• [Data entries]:
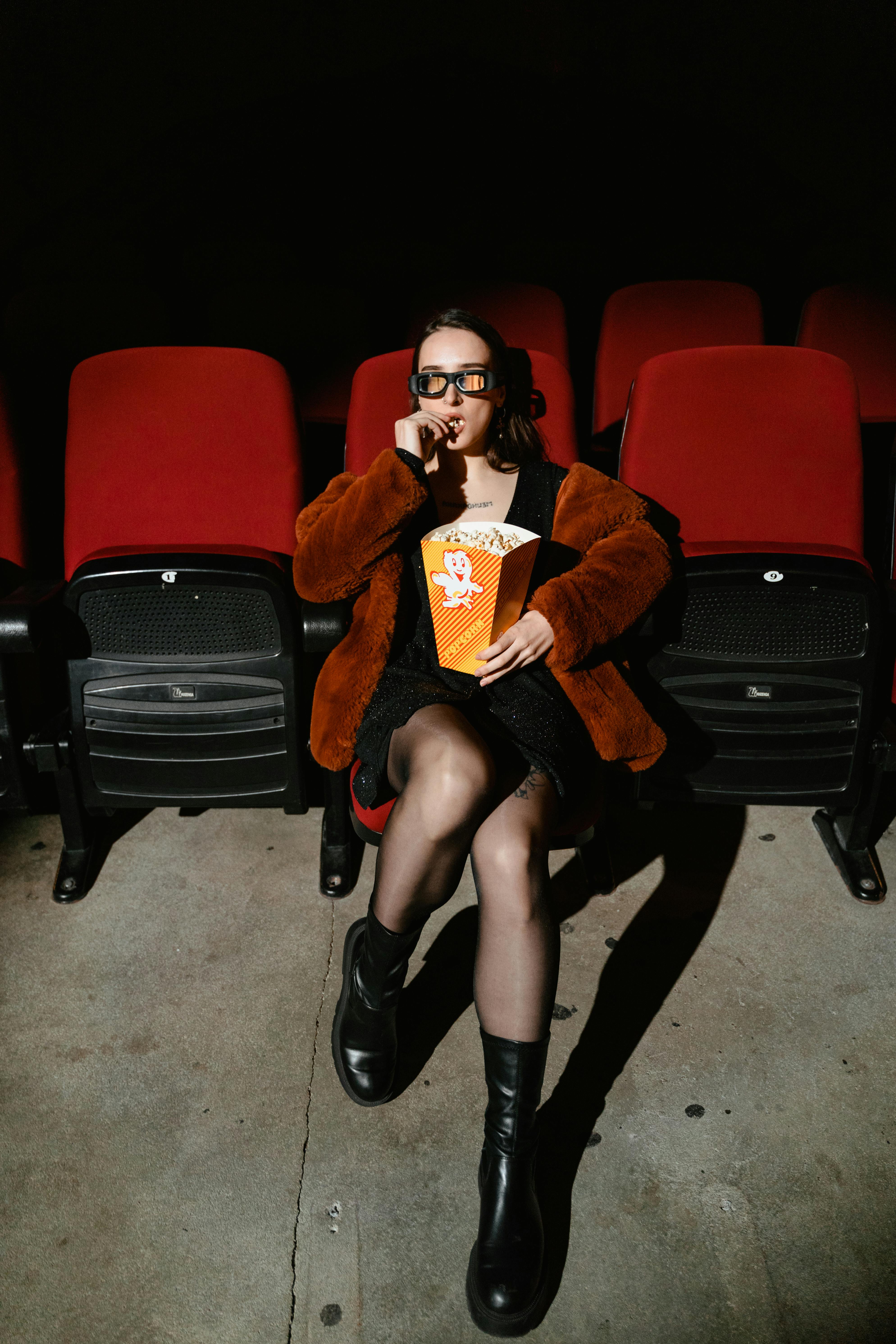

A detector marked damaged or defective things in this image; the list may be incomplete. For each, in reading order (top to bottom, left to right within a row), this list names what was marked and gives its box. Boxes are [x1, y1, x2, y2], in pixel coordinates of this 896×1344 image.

crack in concrete floor [291, 903, 336, 1344]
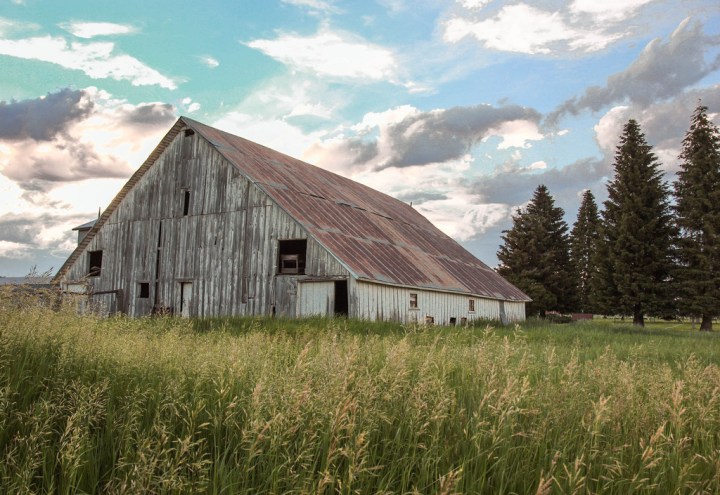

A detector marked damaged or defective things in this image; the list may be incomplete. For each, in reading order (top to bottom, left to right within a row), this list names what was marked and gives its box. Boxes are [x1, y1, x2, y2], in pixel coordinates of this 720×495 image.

rusty metal roof [54, 118, 528, 302]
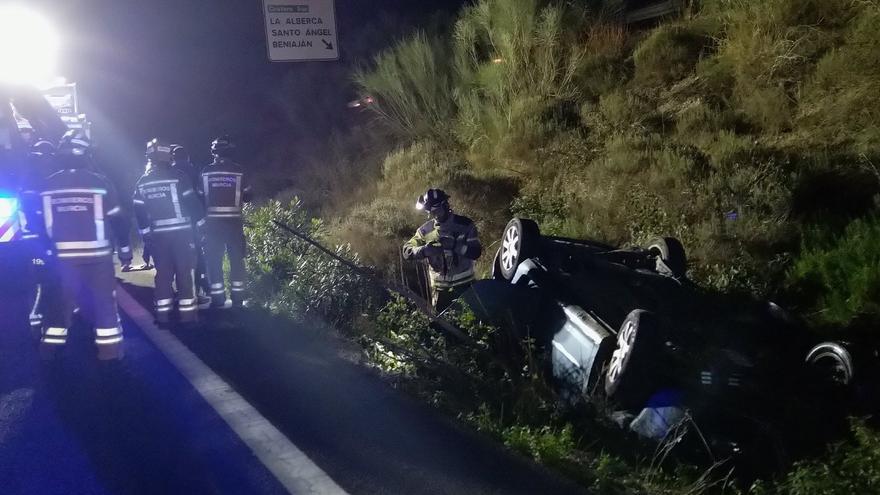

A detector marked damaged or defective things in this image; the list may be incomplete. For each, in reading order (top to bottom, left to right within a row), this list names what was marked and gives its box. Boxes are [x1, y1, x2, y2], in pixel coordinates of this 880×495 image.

overturned car [458, 219, 876, 470]
damaged vehicle [458, 218, 880, 472]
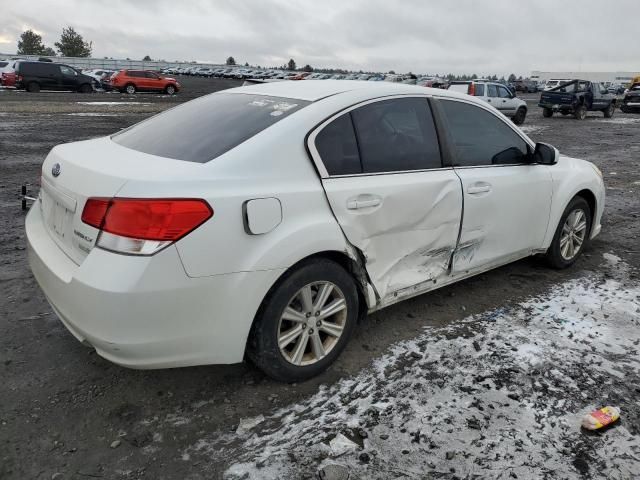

• [Problem statement]:
Starting with the line that contains "this 880×495 image.", give the lines again exactly as they appear through the last line of the data, pictures excluded.

• [Exercise answer]:
A detector marked damaged or defective things in this image; the list may be incomplete. For each, in reading order (top to bottom, left to right within a row), this list names what was marked and gives its box. Boxes are [x1, y1, x2, y2], in pixel coordinates of this 880×495 image.

overturned car [458, 219, 876, 470]
damaged vehicle [458, 218, 880, 472]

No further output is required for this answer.